Pedersen felt attracted to Fluxus as soon as Køpcke mentioned to him the possibility of organizing a Fluxus festival at the Art Library in Nikolaj Church, the Copenhagen Festum Fluxorum on November 23-28, 1962. It was a risk for Pedersen to host it, because he rented the space from the municipality, which could end the lease if he did not use the premises in the way described in the contract. In fact, he did end up being evicted, first from the nave and finally from the building. Fluxus seemed relevant to him and caused him to experiment with alternative forms of art mediation, such as the abovementioned jukeboxes. However, he also saw his job as fully enmeshed with the other jobs that need to be done to put art in front of an audience.
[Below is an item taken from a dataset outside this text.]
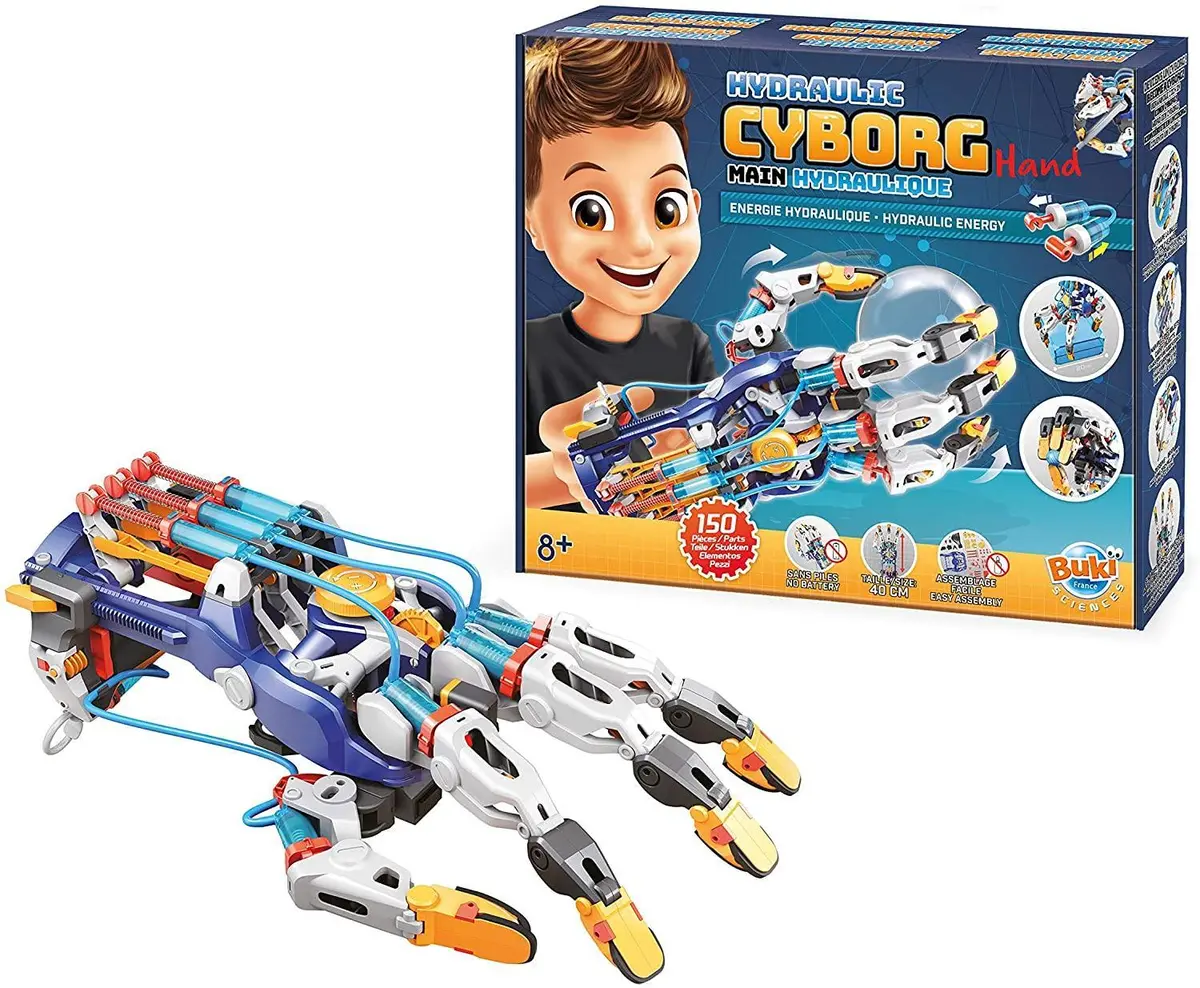 Buki France 7508 Hydraulic Cyborg Hand 1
When artists start to explore the world around themselves instead of creating something new, he argued, the art mediator becomes an “agent for the artist, just as the artist becomes an agent for his [the art mediator’s] ideas.” Both work as agents for art, “or rather, the artistic view of reality,” and all “contribute towards the publication of the magazine called art, where the typographer and the editor-in-chief and the buyer act as equals.”[36] As soon as the artist chooses to work with existing (social) forms, formations, procedures, conventions, etc., s/he can no longer claim to create as an individual, but interacts with others who thus become co-creators of a work or constellation that cannot be regarded as belonging to anyone. Thus, Pedersen had willing and unwilling, conscious and unconscious collaborators that made his projects possible, just as Pedersen contributed to the realization of Køpcke’s and Andersen’s works, however menial the tasks that he performed.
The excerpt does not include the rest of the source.